● Records for this task:
»»

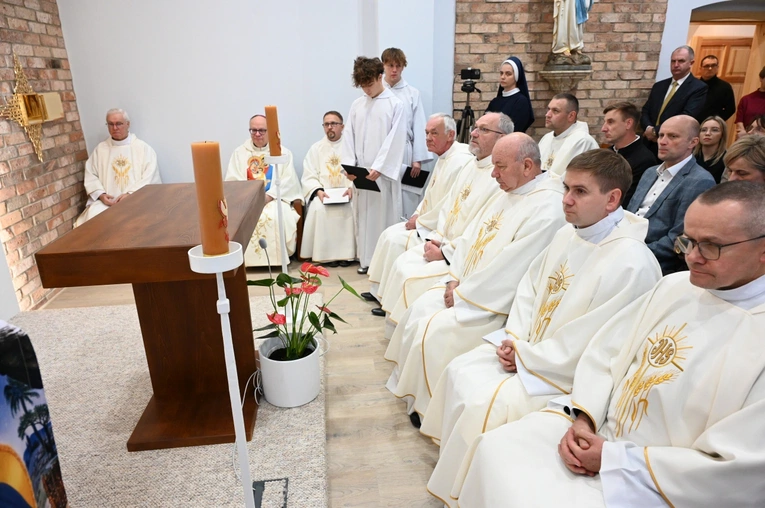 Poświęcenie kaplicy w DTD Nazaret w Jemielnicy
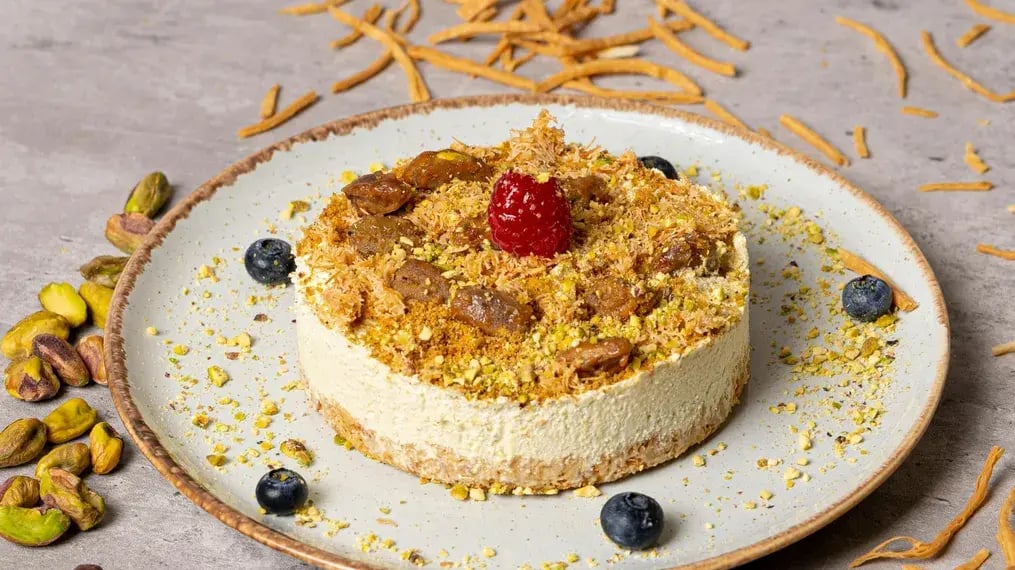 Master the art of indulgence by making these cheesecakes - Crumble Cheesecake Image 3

««
»»

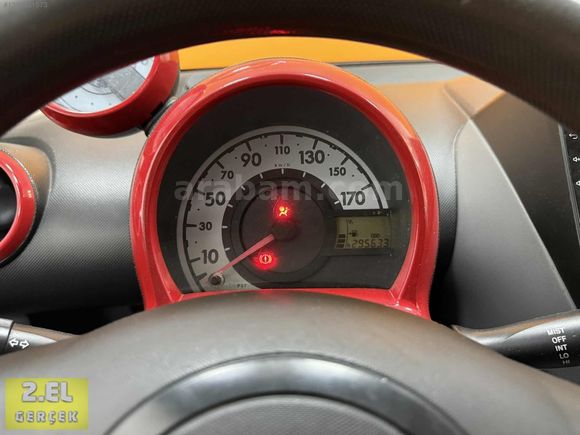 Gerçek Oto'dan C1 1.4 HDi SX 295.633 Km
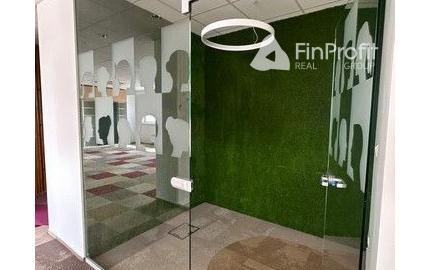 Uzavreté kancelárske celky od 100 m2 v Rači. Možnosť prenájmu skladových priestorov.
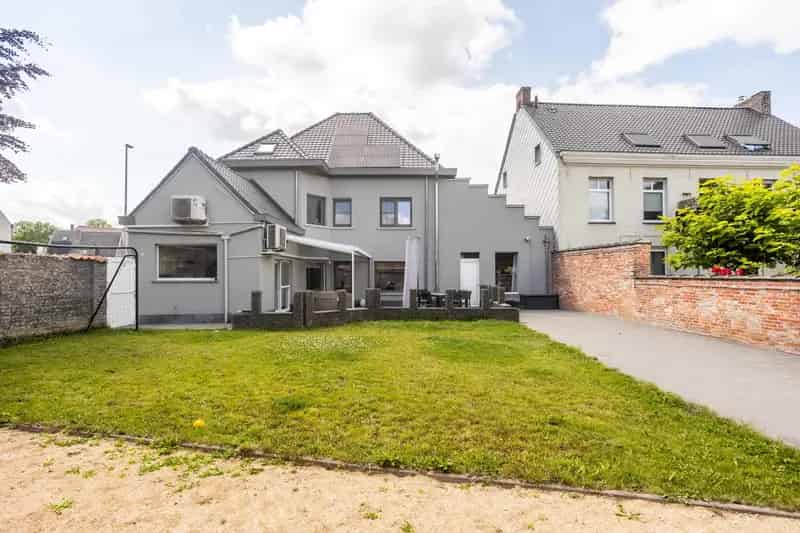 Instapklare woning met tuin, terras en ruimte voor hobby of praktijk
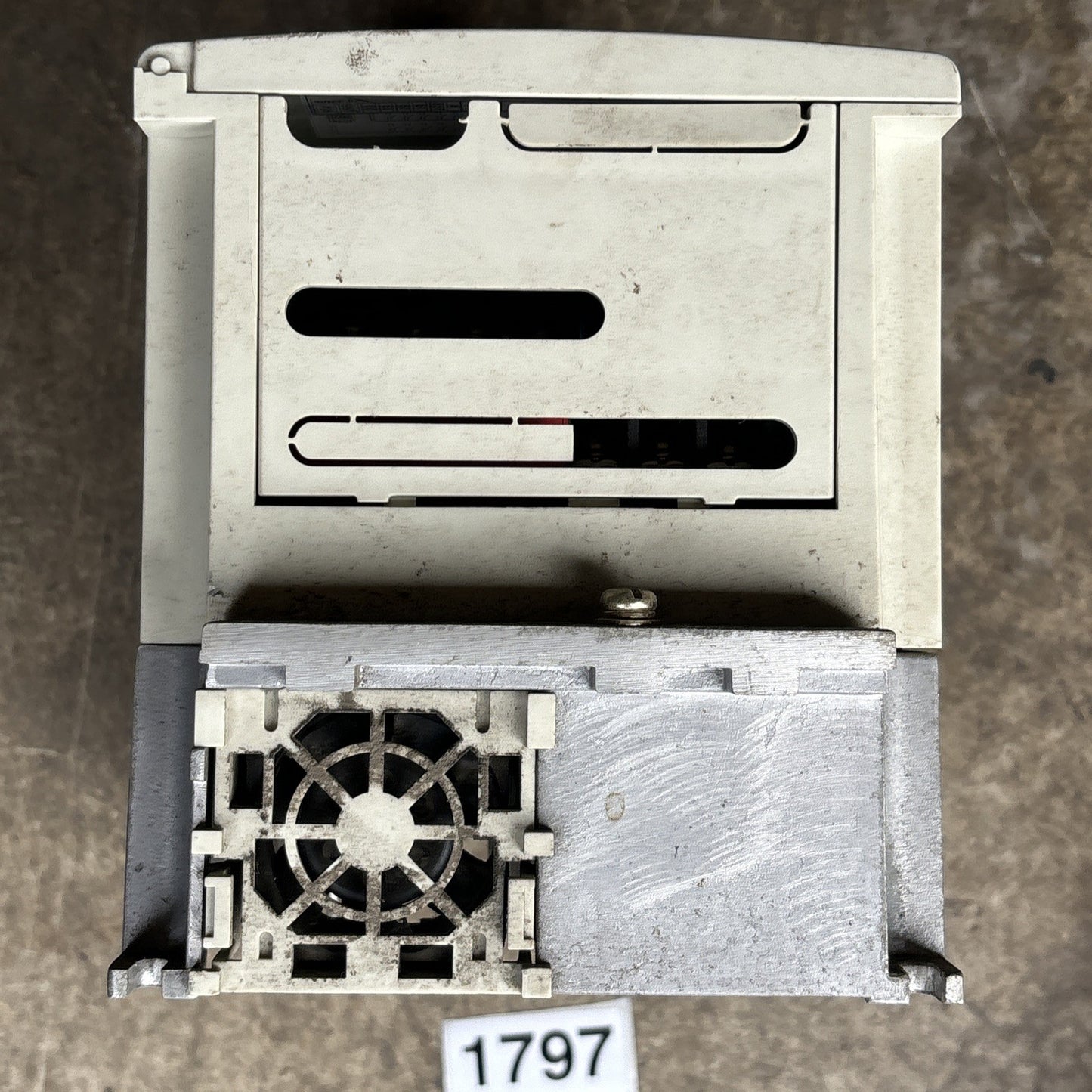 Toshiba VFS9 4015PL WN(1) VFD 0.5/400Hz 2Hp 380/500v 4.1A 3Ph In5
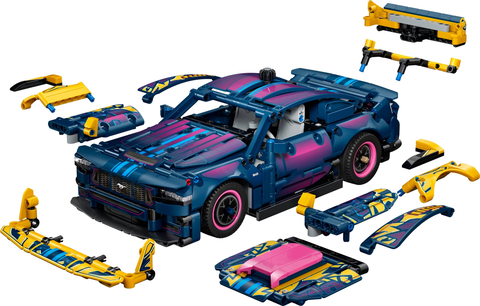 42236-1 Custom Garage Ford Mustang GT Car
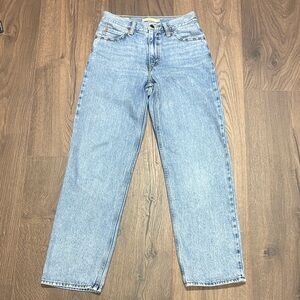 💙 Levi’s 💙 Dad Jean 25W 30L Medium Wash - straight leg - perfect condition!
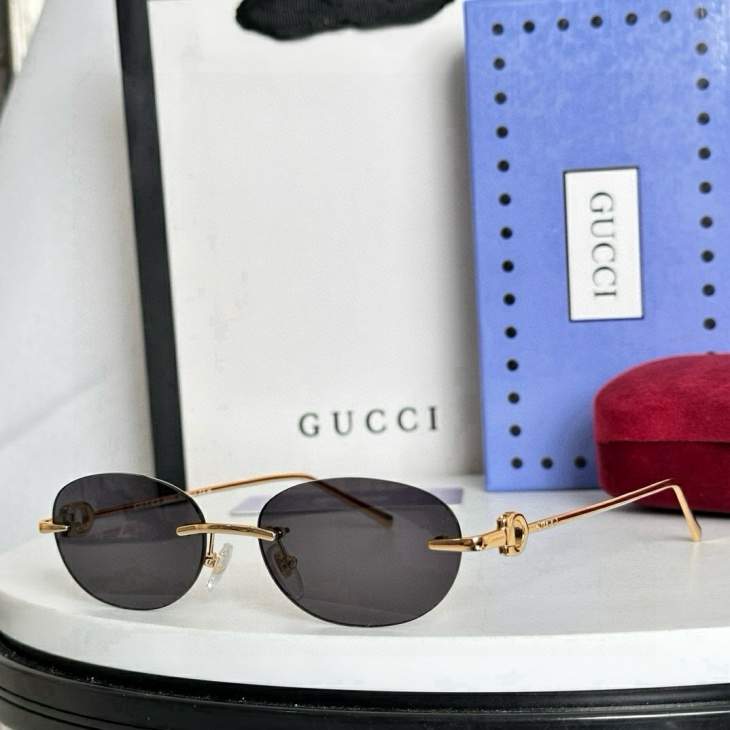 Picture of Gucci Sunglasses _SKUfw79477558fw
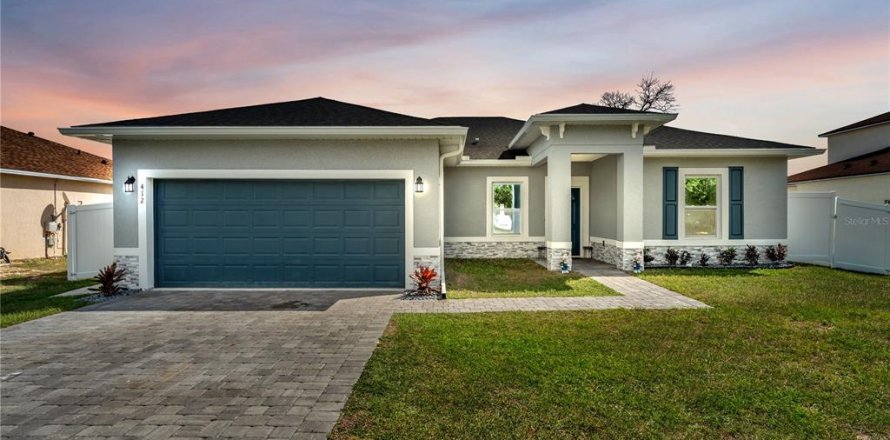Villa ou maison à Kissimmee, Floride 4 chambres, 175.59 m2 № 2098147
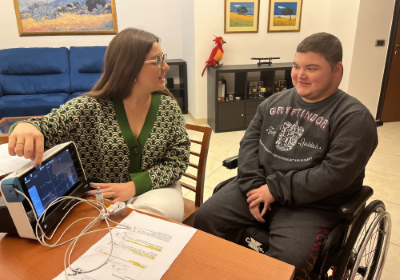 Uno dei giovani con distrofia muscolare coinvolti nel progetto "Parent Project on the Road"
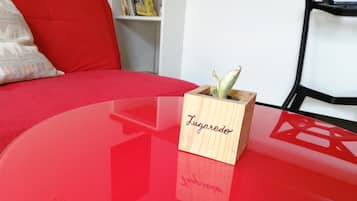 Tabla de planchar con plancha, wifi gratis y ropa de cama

««
»»

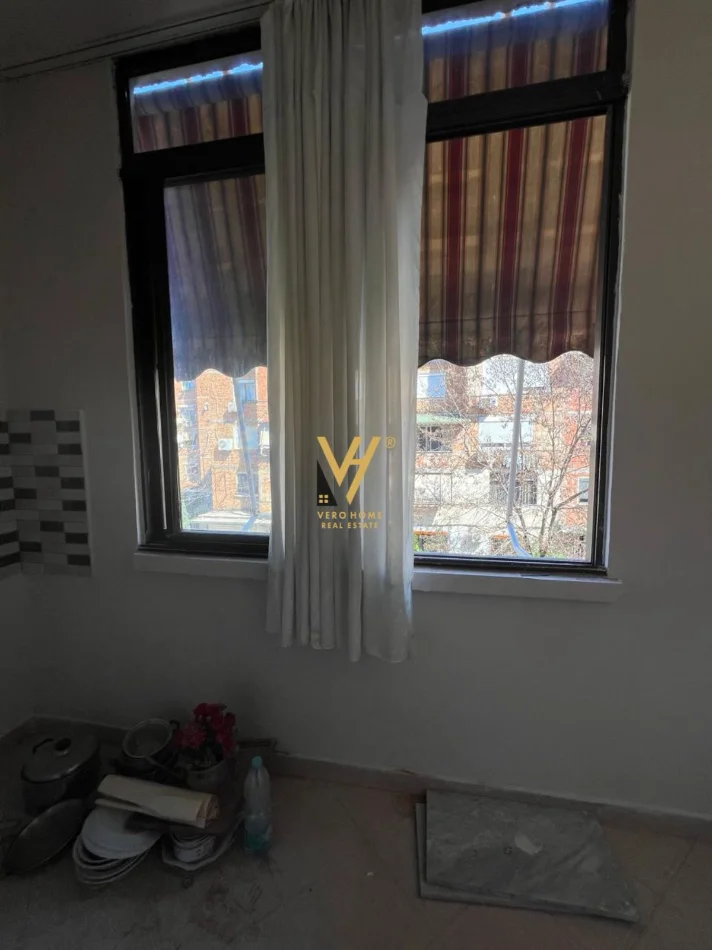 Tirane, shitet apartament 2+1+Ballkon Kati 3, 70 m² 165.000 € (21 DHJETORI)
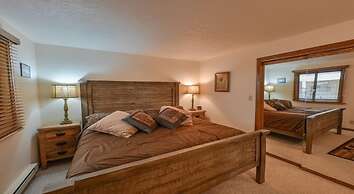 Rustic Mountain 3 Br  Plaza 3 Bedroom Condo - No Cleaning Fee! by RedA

««

● Work required: From the records above, transcribe only the stretch from the line with "Poświęcenie kaplicy w" through the line with "Master the art", keeping both ends. Omit pictures.

● Exercise output:
 Poświęcenie kaplicy w DTD Nazaret w Jemielnicy
 Master the art of indulgence by making these cheesecakes - Crumble Cheesecake Image 3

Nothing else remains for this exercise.